4 november 2016

Ds Antje van der Hoek naar Den Haag

Geschreven door

Wellicht heeft u het in de dienst gehoord, van mij persoonlijk of weet u nog van niets? Ik ben beroepen in de remonstrantse gemeente Den Haag. Vanaf februari komend jaar zal ik daar part-time werkzaam zijn, naast een full-time collega. Ik wissel daarmee van ‘filiaal’, maar het ‘bedrijf’ blijft hetzelfde. Daarmee komt eeAntje4n einde aan de vijftien en half jaar dat ik in Haarlem heb gewerkt. Een lange tijd. Ik herinner mij hoe ik begin 2001 solliciteerde en mijn jongste dochter, Tamara, nog maar net geboren was. Inmiddels is ze bijna zestien en mij fysiek boven het hoofd gegroeid. De periode in Haarlem is daarmee voor mij een echte ‘Lebensabschnitt’ geworden, verbonden met het wel en wee in onze gemeente, maar ook met ons gezin met opgroeiende dochters en mijn man Paul.

 

Er is ook in onze gemeente in die tijd veel gebeurt van kerkenraadswisselingen, een ingrijpende verbouwing, de opheffing van de VVP-afdeling, een collegiale wisseling, sterkere focus op de p.r. en wat dies meer zij. Net als in een gezin groei je met die veranderingen mee. Ik denk terug aan de inspirerende samenwerking op het gebied van de muziekdiensten, waarbij we (bijbel)tekst en muziek probeerden te verweven en in te bedden binnen de liturgie. Het heeft mij steeds veel plezier en voldoening gegeven te proberen de spirituele lagen uit de muziek op te diepen. Daarmee komen betekenislagen aan het licht die in een concert vaak wel ervaren, maar niet benoemd worden. Het was fijn op die manier met Gerrie Meijers samen te werken. Veel genoegen heb ik ook beleefd aan het kringenwerk, in onderlinge gesprekken over een scala aan onderwerpen, soms aansluitend bij wat er in het Filosofisch Café aan de orde was geweest. Dat zijn zaken die mij na aan het hart liggen. In dat opzicht heeft het werk voor mij iets van een ‘betaalde hobby’. Maar bovenal draag ik de ontmoetingen met velen van jullie met mij mee: bij een huisbezoek, wijkbijeenkomst of terloops tussen de bedrijven door.
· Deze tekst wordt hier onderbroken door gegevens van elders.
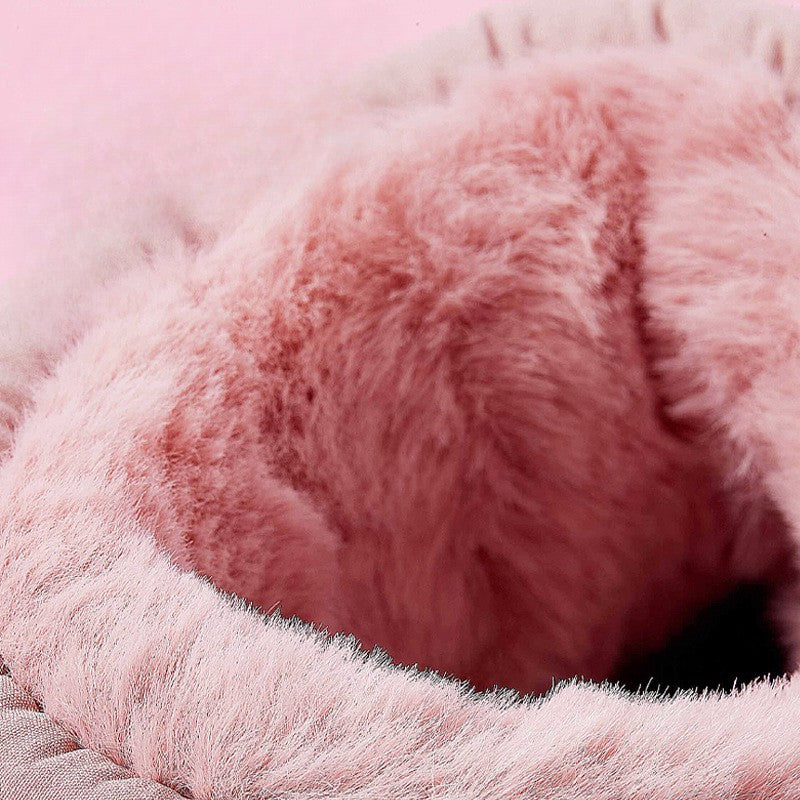 Children's Thick Furry Boots Winter Season Cartoon Warm Shoes Boys Girls Kids Home Cotton Slippers Heel Outdoor Baby Snow Boots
Indringend en soms emotionerend waren de gesprekken rond overlijden en uitvaart. En het stemt mij op z’n minst weemoedig wanneer ik van huis, via de N208, op Haarlem aanrijd en denk aan gemeenteleden die daar, links en rechts van die weg, woonden, maar er helaas niet meer zijn.

 

Ik besluit met een regel uit de tweede strofe van een gedicht van Rutger Kopland:” Weggaan kun je beschrijven als/een soort van blijven”. Het beschrijft de paradox van afscheid nemen. Toegepast op mijn situatie: ik draag de herinneringen mee, ga wel weg, maar neem geen afscheid ‘in het hart’. Van mij uit is dat in ieder geval zo. Tenslotte dank ik Sabine du Croo voor onze samenwerking, kerkenraadsleden en vrijwilligers in de secties voor hun grote inzet en betrokkenheid, koster Henk Bosker voor zijn goede zorgen en jullie allemaal, als gemeente, voor de vele goede jaren die ik hier heb gehad!

De afscheidsdienst zal zijn op 12 februari, om 10.30 uur.